August 31, 2000

Hot Girls, Short Skirts

Print More

The cheerleader flick Bring It On is the best teen-oriented film since 1995’s Clueless, and the new movie has more heart than the Alicia Silverstone starrer because it actually tries to tackle serious issues such as class divisions, social expectations, and athletic plagiarism.

Given that it’s all too easy to crack jokes about male cheerleaders and to leer at seriously underdressed babes (read: American Beauty), I found it gratifyingly surprising that this movie tried to address something like economic iniquity. No, the movie is not a serious diatribe on issues which plague teens. Far from it.

Rather, it’s a lighthearted comedy about a cheerleading team from Rancho Grande High in SoCal. The team has won five straight national championships. The joke is that they cheer for a football team that finishes with the worst division record every year.

When Torrance (Kirsten Dunst) takes over as squad captain, she recruits transfer student Missy (Eliza Dushku, Buffy the Vampire Slayer) to join the team.
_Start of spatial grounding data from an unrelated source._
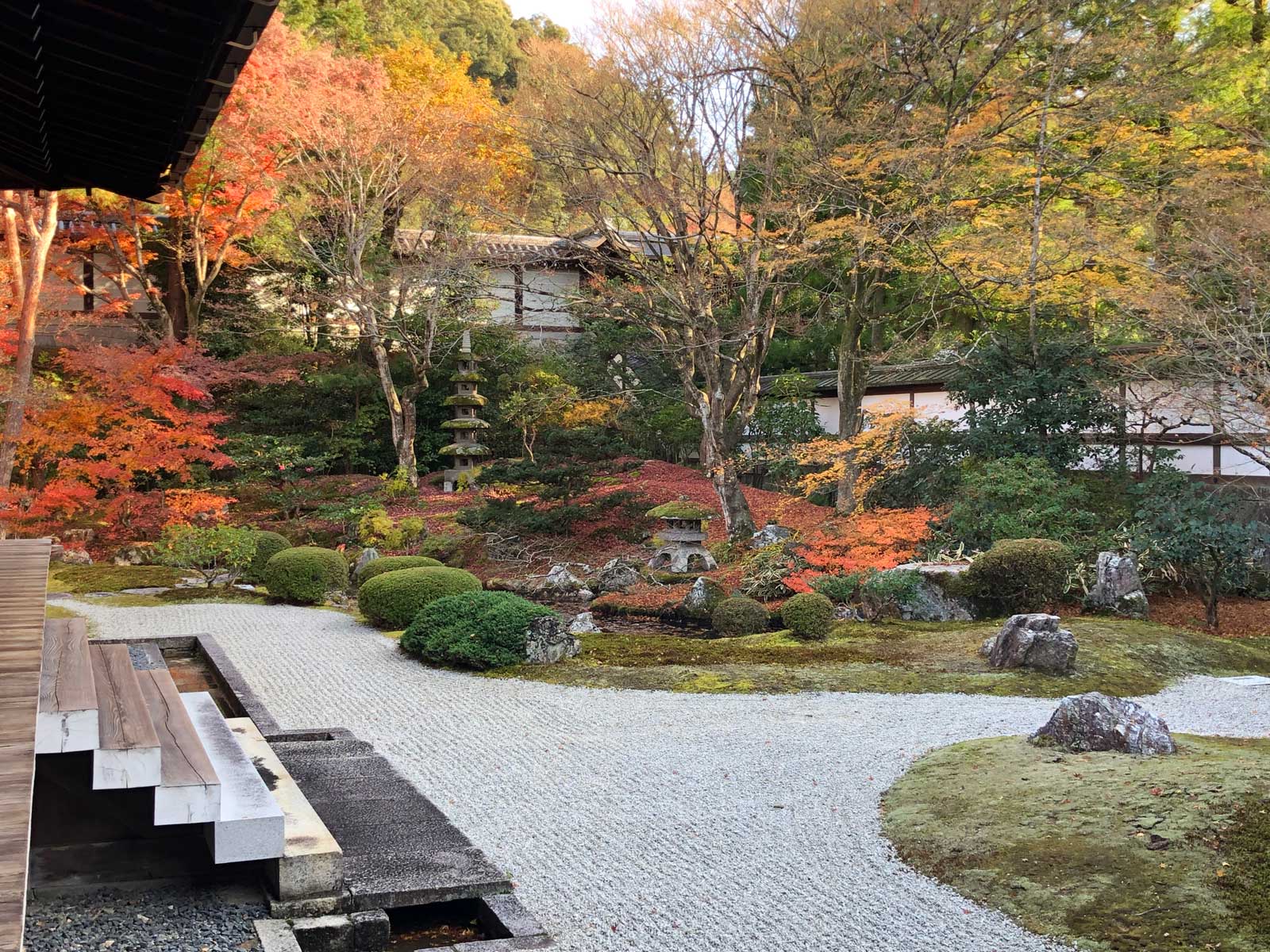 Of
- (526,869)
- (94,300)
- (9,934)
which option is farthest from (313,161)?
(9,934)

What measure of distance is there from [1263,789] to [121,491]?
1422cm

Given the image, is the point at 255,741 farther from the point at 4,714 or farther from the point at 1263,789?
the point at 1263,789

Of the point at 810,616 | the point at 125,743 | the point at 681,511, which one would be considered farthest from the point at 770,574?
the point at 125,743

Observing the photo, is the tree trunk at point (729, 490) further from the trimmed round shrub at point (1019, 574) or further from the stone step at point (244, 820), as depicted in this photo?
the stone step at point (244, 820)

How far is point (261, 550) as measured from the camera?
13703mm

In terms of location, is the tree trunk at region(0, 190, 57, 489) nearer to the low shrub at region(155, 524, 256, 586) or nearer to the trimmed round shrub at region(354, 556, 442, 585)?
the low shrub at region(155, 524, 256, 586)

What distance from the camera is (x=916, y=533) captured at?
452 inches

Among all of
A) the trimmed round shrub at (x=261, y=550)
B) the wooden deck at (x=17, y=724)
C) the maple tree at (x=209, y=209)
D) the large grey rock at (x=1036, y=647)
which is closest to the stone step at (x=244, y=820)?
the wooden deck at (x=17, y=724)

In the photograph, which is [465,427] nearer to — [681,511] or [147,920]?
[681,511]

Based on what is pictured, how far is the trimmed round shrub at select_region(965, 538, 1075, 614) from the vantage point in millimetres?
10305

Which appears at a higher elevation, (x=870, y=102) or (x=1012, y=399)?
(x=870, y=102)

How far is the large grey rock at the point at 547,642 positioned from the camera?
8773 mm

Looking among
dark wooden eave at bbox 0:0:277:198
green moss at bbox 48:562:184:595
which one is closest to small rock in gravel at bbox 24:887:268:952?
dark wooden eave at bbox 0:0:277:198

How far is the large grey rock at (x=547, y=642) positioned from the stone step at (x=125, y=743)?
4750mm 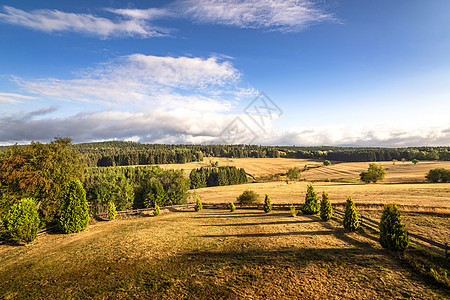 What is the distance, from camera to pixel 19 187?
27594 mm

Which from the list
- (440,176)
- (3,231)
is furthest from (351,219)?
(440,176)

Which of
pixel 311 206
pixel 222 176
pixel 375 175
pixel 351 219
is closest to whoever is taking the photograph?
pixel 351 219

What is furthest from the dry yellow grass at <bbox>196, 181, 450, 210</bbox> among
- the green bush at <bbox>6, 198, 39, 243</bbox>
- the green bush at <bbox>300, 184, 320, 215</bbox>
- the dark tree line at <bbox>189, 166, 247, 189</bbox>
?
the dark tree line at <bbox>189, 166, 247, 189</bbox>

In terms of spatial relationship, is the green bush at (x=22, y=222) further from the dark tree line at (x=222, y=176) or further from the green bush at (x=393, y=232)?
the dark tree line at (x=222, y=176)

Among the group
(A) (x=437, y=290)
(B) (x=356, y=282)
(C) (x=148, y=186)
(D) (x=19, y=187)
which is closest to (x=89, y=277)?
(B) (x=356, y=282)

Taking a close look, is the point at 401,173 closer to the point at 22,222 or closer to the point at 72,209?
the point at 72,209

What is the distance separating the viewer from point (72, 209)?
989 inches

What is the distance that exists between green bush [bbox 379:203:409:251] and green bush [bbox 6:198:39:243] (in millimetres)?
33968

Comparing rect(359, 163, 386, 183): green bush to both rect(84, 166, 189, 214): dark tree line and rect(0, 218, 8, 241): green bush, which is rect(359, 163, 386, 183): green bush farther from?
rect(0, 218, 8, 241): green bush

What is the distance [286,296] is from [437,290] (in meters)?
8.54

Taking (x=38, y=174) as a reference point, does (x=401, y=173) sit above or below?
below

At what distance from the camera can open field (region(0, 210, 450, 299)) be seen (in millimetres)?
10945

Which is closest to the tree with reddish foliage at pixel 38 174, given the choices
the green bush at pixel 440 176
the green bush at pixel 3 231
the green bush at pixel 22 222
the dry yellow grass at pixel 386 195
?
the green bush at pixel 3 231

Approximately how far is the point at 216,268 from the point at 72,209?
21.9 meters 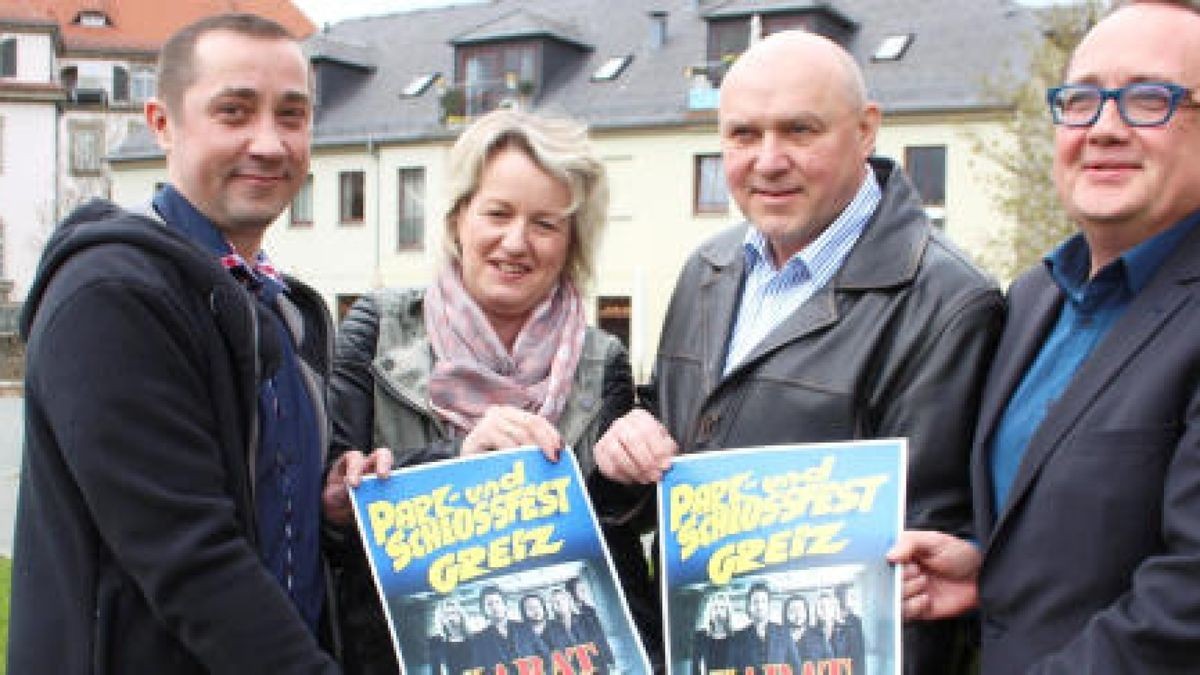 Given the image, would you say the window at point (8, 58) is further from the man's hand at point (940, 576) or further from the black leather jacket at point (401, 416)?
the man's hand at point (940, 576)

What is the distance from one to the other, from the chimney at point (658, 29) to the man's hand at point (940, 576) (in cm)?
2957

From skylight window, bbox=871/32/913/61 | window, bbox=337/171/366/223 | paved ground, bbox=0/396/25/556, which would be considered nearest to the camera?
paved ground, bbox=0/396/25/556

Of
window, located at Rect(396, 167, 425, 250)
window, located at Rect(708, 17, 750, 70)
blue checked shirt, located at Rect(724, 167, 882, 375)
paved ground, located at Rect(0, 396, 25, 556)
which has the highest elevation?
window, located at Rect(708, 17, 750, 70)

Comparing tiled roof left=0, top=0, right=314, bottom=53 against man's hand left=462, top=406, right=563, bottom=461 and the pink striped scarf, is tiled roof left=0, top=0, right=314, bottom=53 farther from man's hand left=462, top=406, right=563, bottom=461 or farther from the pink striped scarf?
man's hand left=462, top=406, right=563, bottom=461

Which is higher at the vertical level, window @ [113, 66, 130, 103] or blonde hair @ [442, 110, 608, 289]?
window @ [113, 66, 130, 103]

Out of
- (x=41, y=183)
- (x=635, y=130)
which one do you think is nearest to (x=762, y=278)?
(x=635, y=130)

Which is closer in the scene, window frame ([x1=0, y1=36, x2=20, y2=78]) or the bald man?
the bald man

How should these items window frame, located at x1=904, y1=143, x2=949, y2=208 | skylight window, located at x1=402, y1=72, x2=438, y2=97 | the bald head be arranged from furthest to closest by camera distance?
skylight window, located at x1=402, y1=72, x2=438, y2=97 < window frame, located at x1=904, y1=143, x2=949, y2=208 < the bald head

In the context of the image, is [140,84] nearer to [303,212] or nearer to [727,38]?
[303,212]

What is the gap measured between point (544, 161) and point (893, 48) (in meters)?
26.1

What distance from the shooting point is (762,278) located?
11.2 feet

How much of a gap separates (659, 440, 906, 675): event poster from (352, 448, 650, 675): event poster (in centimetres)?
19

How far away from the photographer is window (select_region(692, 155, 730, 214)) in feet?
92.0

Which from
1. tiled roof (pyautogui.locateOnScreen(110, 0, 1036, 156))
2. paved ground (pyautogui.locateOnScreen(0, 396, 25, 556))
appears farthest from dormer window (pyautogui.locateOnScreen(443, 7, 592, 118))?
paved ground (pyautogui.locateOnScreen(0, 396, 25, 556)) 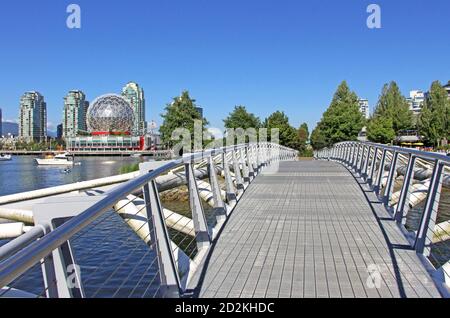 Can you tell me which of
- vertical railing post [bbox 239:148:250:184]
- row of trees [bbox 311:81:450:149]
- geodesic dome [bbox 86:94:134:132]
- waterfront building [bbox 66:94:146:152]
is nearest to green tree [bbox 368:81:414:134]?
row of trees [bbox 311:81:450:149]

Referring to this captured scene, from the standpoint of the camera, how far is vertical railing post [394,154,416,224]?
634 centimetres

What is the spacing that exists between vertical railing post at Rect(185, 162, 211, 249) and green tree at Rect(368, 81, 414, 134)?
7250cm

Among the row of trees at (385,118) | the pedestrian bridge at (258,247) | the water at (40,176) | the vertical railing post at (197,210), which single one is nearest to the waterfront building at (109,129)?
the water at (40,176)

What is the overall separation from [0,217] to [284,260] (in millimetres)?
9582

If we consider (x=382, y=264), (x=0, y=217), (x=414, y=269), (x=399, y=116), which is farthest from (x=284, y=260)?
(x=399, y=116)

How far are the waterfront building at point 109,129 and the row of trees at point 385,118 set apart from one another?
9778 centimetres

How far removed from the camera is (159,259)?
393cm

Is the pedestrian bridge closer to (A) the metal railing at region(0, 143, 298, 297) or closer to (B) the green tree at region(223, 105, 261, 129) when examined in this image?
(A) the metal railing at region(0, 143, 298, 297)

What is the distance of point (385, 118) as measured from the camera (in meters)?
70.2

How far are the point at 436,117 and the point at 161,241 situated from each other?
71.3 meters

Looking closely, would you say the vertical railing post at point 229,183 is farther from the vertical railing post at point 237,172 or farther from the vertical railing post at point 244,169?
the vertical railing post at point 244,169

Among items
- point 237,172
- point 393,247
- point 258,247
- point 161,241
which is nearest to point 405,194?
point 393,247

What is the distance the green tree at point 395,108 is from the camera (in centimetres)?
7344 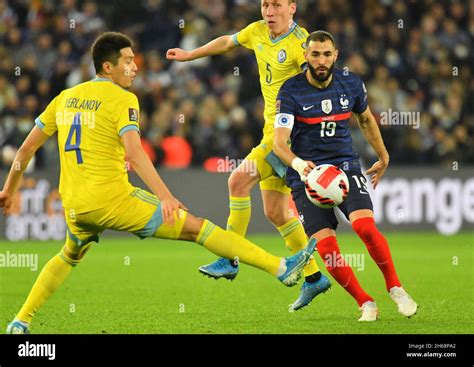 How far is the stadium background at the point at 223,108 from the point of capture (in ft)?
46.3

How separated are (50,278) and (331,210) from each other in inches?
83.8

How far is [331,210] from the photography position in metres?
7.82

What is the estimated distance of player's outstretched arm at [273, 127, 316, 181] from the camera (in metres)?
7.29

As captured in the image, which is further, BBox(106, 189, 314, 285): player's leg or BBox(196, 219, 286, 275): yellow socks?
BBox(196, 219, 286, 275): yellow socks

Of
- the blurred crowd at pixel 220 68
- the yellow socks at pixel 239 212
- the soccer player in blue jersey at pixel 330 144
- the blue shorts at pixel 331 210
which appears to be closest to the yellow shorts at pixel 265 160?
the yellow socks at pixel 239 212

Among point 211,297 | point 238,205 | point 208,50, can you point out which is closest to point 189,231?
point 238,205

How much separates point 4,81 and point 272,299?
28.2 ft

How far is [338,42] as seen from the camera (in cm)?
1830

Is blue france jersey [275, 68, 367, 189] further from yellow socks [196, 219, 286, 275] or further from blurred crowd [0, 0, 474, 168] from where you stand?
blurred crowd [0, 0, 474, 168]

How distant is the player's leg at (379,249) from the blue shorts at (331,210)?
0.07 metres

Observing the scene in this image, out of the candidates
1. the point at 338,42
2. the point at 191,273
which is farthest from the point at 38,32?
the point at 191,273

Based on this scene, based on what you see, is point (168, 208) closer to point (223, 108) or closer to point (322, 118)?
point (322, 118)

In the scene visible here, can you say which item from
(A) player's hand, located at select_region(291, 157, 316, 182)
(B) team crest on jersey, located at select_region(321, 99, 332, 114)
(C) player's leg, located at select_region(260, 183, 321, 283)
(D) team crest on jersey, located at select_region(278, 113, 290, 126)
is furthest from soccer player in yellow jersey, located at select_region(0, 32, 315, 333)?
(C) player's leg, located at select_region(260, 183, 321, 283)

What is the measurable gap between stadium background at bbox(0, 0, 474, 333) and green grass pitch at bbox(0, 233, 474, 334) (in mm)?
88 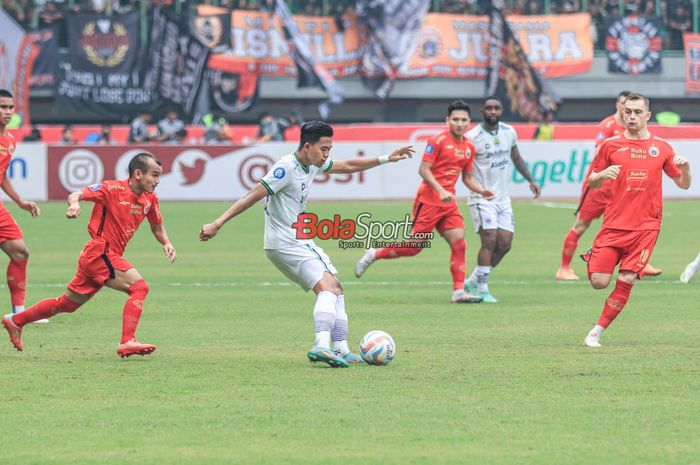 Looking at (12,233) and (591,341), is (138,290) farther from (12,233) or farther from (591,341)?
(591,341)

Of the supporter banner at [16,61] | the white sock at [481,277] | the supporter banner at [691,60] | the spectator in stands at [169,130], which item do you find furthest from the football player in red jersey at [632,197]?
the supporter banner at [691,60]

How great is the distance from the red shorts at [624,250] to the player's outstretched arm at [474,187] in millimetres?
3600

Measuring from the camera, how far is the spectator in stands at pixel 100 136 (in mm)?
37438

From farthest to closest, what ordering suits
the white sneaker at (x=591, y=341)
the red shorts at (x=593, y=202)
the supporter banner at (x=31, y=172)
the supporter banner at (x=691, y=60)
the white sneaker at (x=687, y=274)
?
the supporter banner at (x=691, y=60) → the supporter banner at (x=31, y=172) → the red shorts at (x=593, y=202) → the white sneaker at (x=687, y=274) → the white sneaker at (x=591, y=341)

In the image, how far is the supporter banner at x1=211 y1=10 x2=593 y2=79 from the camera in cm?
4481

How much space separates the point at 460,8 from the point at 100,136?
13.9m

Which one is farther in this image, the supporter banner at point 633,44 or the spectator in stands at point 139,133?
the supporter banner at point 633,44

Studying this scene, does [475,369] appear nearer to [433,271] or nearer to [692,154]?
[433,271]

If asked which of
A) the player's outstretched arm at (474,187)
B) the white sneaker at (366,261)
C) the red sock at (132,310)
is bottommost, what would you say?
the white sneaker at (366,261)

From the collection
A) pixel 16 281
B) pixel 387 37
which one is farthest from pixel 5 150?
pixel 387 37

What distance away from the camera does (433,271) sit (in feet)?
60.0

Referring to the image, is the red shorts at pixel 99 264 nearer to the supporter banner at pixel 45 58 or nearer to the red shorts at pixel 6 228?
the red shorts at pixel 6 228

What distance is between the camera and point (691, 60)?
4669 centimetres

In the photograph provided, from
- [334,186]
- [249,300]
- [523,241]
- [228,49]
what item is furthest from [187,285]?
[228,49] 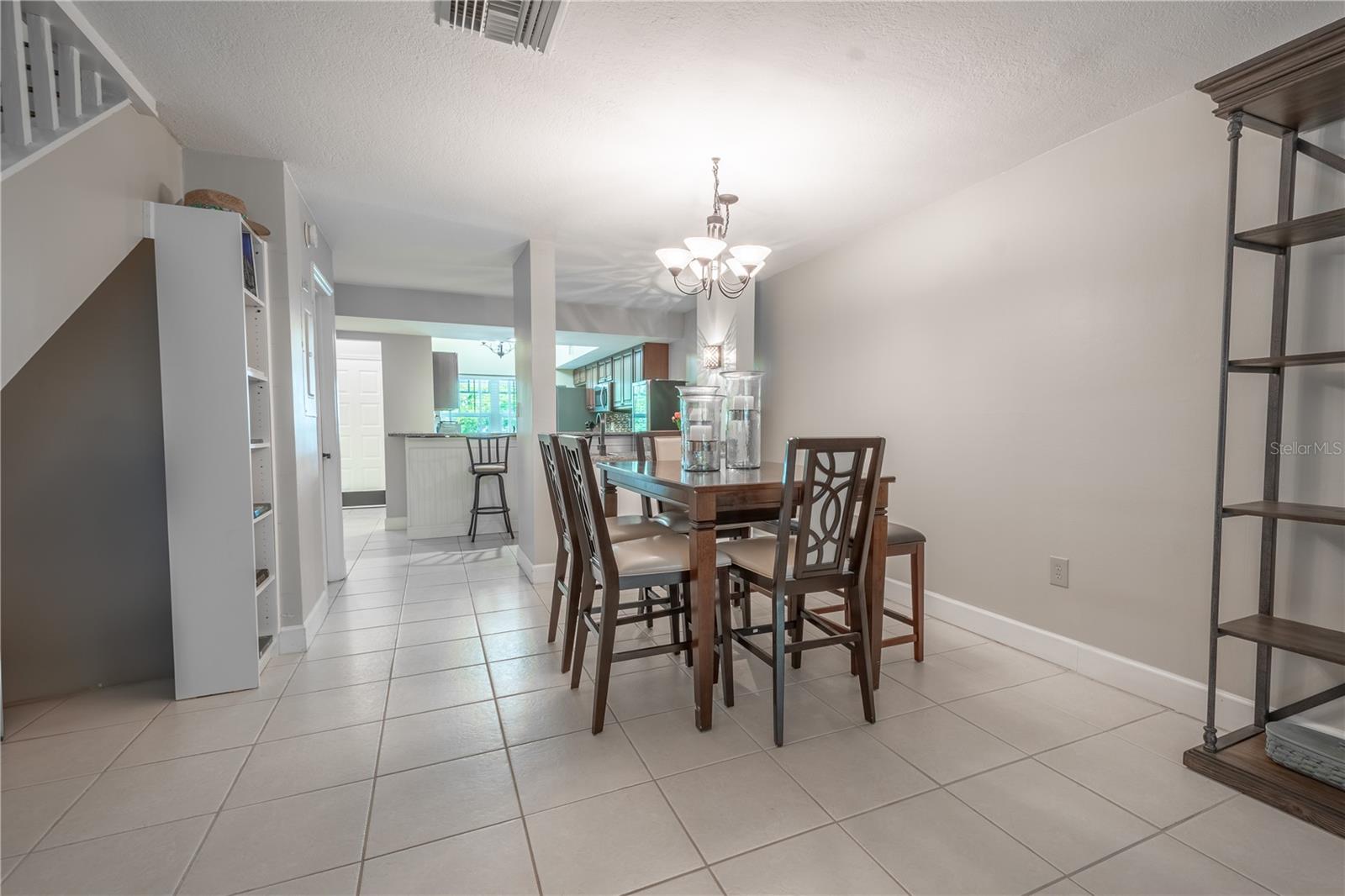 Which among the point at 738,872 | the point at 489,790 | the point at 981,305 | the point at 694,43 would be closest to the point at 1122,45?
the point at 981,305

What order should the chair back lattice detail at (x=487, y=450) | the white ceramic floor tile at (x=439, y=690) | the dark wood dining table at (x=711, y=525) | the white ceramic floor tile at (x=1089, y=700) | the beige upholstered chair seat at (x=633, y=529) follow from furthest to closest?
the chair back lattice detail at (x=487, y=450) < the beige upholstered chair seat at (x=633, y=529) < the white ceramic floor tile at (x=439, y=690) < the white ceramic floor tile at (x=1089, y=700) < the dark wood dining table at (x=711, y=525)

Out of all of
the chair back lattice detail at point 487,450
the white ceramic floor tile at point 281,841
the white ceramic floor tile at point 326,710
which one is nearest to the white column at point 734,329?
the chair back lattice detail at point 487,450

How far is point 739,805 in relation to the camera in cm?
160

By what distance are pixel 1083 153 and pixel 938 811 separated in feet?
8.86

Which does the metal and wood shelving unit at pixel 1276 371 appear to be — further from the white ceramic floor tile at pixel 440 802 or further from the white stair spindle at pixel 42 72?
the white stair spindle at pixel 42 72

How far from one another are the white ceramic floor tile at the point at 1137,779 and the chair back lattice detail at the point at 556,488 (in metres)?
1.95

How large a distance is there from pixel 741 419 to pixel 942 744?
145cm

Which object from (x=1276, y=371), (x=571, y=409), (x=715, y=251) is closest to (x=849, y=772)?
(x=1276, y=371)

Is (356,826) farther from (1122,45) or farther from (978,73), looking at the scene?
(1122,45)

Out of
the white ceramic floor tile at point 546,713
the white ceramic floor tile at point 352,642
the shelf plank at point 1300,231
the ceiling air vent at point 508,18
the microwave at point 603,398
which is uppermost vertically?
the ceiling air vent at point 508,18

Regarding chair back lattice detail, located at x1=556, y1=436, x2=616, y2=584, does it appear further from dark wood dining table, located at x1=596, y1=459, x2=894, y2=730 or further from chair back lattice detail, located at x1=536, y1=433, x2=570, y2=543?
dark wood dining table, located at x1=596, y1=459, x2=894, y2=730

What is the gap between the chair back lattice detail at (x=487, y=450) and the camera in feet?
18.1

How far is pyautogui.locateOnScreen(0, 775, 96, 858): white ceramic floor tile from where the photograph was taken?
1.46 metres

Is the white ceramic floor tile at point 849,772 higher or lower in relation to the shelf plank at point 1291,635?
lower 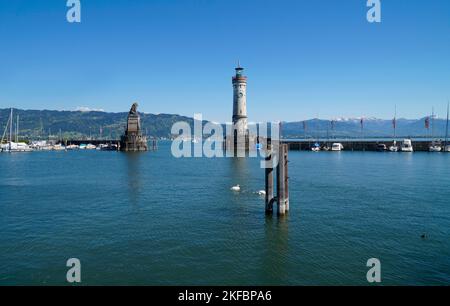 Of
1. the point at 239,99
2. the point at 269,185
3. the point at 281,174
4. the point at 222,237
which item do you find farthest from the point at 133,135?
the point at 222,237

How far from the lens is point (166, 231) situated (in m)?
26.0

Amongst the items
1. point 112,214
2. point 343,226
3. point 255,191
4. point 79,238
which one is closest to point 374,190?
point 255,191

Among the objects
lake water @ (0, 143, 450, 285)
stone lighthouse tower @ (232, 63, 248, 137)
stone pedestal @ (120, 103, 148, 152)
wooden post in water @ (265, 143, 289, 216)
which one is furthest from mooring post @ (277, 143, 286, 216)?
stone pedestal @ (120, 103, 148, 152)

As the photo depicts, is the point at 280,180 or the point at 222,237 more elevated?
the point at 280,180

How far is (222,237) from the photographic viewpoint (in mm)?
24547

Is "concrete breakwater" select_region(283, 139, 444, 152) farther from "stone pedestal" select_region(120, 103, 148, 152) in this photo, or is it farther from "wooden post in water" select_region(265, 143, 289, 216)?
"wooden post in water" select_region(265, 143, 289, 216)

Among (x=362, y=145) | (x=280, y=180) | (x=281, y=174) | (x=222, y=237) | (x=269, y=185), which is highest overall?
(x=362, y=145)

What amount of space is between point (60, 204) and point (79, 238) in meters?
13.0

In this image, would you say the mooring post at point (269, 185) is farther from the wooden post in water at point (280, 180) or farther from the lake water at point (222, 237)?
the lake water at point (222, 237)

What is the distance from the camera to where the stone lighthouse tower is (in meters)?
119

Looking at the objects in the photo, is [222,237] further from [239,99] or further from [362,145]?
[362,145]

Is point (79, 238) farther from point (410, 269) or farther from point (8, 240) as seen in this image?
point (410, 269)

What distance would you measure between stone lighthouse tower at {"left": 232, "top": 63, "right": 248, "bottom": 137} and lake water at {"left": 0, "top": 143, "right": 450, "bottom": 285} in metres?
78.2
You see, Missy is a talented gymnast, but Rancho Grande doesn’t field a gymnastics team.

Torrance and Missy find out that the team’s routines have been ripped off from another team by Torrance’s bitch-queen predecessor. (This prompts Torrance to exclaim, “My whole cheerleading career is based on a lie!”) That other team is from the poorer, urban East Compton High.

The East Compton Clovers, led by Isis (Gabrielle Union, She’s All That), gives the Rancho Grande Toros a run for their money at regionals, and Torrance and company realize that they must raise their game if they want to win a sixth title.

The plot seems simple enough, but screenwriter Jessica Bendinger throws in subplots concerning Torrance’s good-for-nothing college boyfriend, cheerleading politics (“this is not a democracy, it’s a cheerocracy”), a romance between Missy’s brother and Torrance, and even good sportsmanship.

Torrance is all about being the best, and being the best means beating the best. Therefore, when the Clovers can’t afford the trip to the nationals in Florida, Torrance gets her dad’s company to sponsor her rivals. While Isis turns the offer down, the two team captains begin to respect one another. They even give each other tips during their rousing showdown in the final round.

Given the subject matter, the film’s participants treat cheerleading with respect and fondness. Sure, it’s a spoof on one of high school’s easiest targest for cheap laughs, but the movie remains sweetly uncynical in its attitude towards the cheerleaders’ quests.

The cast definitely “brings it” to their roles. Eliza Dushku and Gabrielle Union should break out of anonymity following their work here.

Kirsten Dunst, the star of the movie and the one who holds everything together, adds another movie to her resume of movie-stealing roles. Miss Dunst’s comic gifts allow her to seem deadly earnest while winking at the audience at the same time. With this movie, Dunst now stands a head above her fellow Gen Y actresses.